Former Clovis East star and Southern Methodist senior Bryson DeChambeau won the U.S. Amateur on Sunday to become the fifth player to win the tournament and NCAA individual title in the same year.
DeChambeau walloped Virginia junior Derek Bard 7 and 6 in the 36-hole final at Olympia Fields.
Jack Nicklaus (1961), Phil Mickelson (1990), Tiger Woods (1996) and Ryan Moore (2004) are the only other players to sweep the NCAA and Amateur titles in a season.
That’s some elite company.
“I can’t believe what I just did,” DeChambeau said. “I’m in golf history. I don’t understand it yet. It’s an honor to be in that field.”
It was the widest margin in a title match since Byeong-Hun An’s 7-and-5 victory over Ben Martin in 2009.
“I didn’t make anything and he made all the putts he had to,” Bard said.
Bard didn’t make a birdie after the sixth hole of the morning round, while DeChambeau had nine birdies in the 30 holes and was 20 under in six matches.
DeChambeau had a 2-up lead after the morning round. He lost the 19th hole after snap-hooking his drive and making a bogey 6.
“I thought, ‘Keep pressing the pedal to the metal now, play Bryson golf,’ ” DeChambeau said.
DeChambeau won the next three holes with birdies and seven of nine holes.
A par-saving 20-footer on the 25th hole of the match, the par-3 seventh, allowed DeChambeau to salvage a halve after Bard had already made par.

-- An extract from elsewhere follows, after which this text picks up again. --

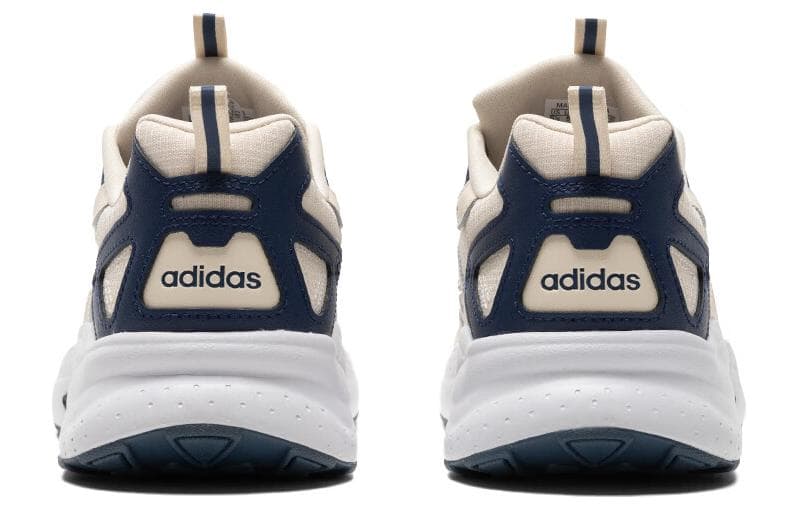 Кроссовки adidas neo JZ Runner - изображение 5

“He didn’t have the same step,” DeChambeau said about Bard after the par-saving putt. “I just made everything.”
Even a caddie switch didn’t bother DeChambeau. Regular caddie Mike Schy, a golf professional from Fresno, complained of blisters and plantar fasciitis, so was replaced for the afternoon round by Brooke Price, a former teammate at SMU.
“He was positive, encouraging the whole time,” DeChambeau said.
Bard believed the turning point was DeChambeau’s chip-in for a birdie on the eighth hole in the morning, shortly after a one-hour thunderstorm delay.
“It was cool to watch,” Bard said. “From that point, he took control. I was still 1 up, but I played No. 9 poorly, as I did all week.”
DeChambeau dominated all of his matches in rolling to the title in the week-long event. DeChambeau’s path to the final included wins over Paul Dunne – who contended for this year’s British Open title – in the quarterfinals, NCAA Player of the Year Maverick McNealy of Stanford and South Carolina All-American Matt NeSmith.
“It’s an incredible honor,” DeChambeau said. “I never thought in my wildest dreams that I would be able to win this championship, and with all the dedication and hard work that I’ve put into making this possible, it’s finally realized and I’m so excited and so honored to be everybody’s champion, U.S. Amateur champion.”
The finalists received exemptions into the 2016 U.S. Open, three years of exemptions into the U.S. Amateur and a likely invitation to the 2016 Masters. DeChambeau, as the champion, also received an exemption into the 2016 British Open.